Feed forward VQGAN-CLIP model, where the goal is to eliminate the need for optimizing the latent space of VQGAN for each input prompt

MIT License

136 stars 18 forks source link

Slow Training Speed #21

Open s13kman opened 2 years ago

s13kman commented 2 years ago

Hi, First of all great work! I really loved it. To replicate, I tried training on the Conceptual 12M Dataset with the depth and dims same as the pretrained models but the training was too slow. Even in 4 days it was going through the first (or 0th) epoch. I'm training it on NVIDIA Quadro RTX A6000 which I don't think is that much slow. Any suggestions to improve the speed of training? I have multi-gpu access but seems it isn't supported rn. Thanks !

mehdidc commented 2 years ago

Hi @s13kman, thanks for your interest! I would suggest to use multi-gpu training to speed up training since you have access to multiple GPUs. Actually multi-gpu is supported through Horovod (https://github.com/horovod/horovod). Once you install Horovod, basically you don't need to change much, something like:

horovodrun -np number_of_gpus python main.py your_config_file.yaml

Given that the dataset is relatively big, I actually train the models usually only on a single epoch.

CrossLee1 commented 2 years ago

How long did it take you to train only a single epoch?

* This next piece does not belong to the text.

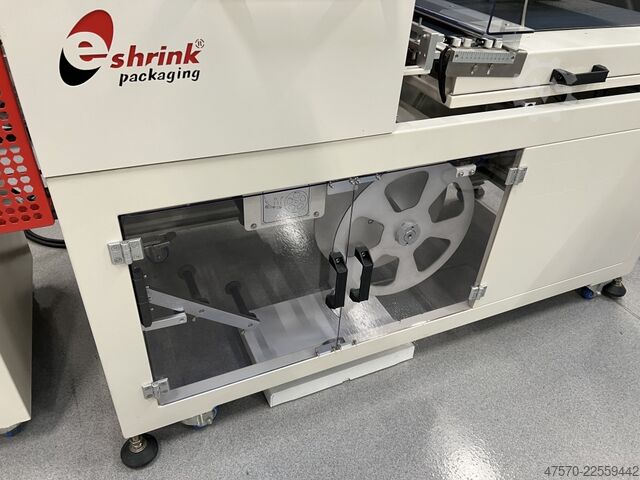 Maszyna do owijania folią E Shrink Packaging LB-728 + LB-201 Angle Sealer with Shrink Tunnel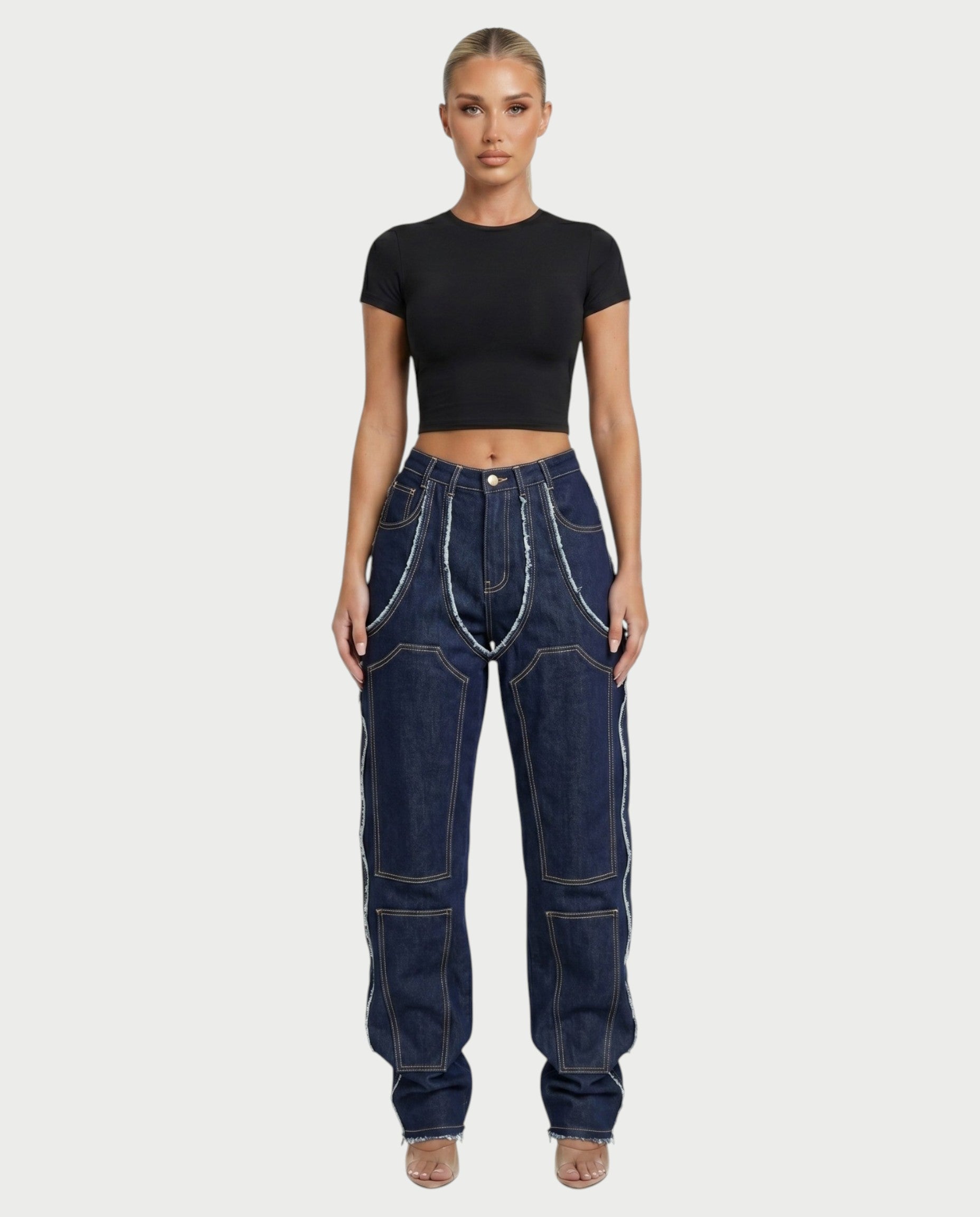 NAMI Distressed Denim Chaps Pants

mehdidc commented 2 years ago

Hi @CrossLee1 sorry for replying until now, so it takes around 6 hours, but I train them on 64 A100 GPUs (data parallel with Horovod) to speed up the process. I am quite sure there are a lot things to optimize here in terms of hardware usage, I was mostly going for fast experiments (walltime) to figure out what works the best (in terms of architecture, data augmentation, losses, etc.) rather than optimizing the training speed.